(Data block)

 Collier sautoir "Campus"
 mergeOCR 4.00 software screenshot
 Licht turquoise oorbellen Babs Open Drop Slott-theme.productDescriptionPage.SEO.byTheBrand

(End Data block)

**Activity:**
Give back every line of the data above exactly as written.

**Response to this task:**
 Collier sautoir "Campus"
 mergeOCR 4.00 software screenshot
 Licht turquoise oorbellen Babs Open Drop Slott-theme.productDescriptionPage.SEO.byTheBrand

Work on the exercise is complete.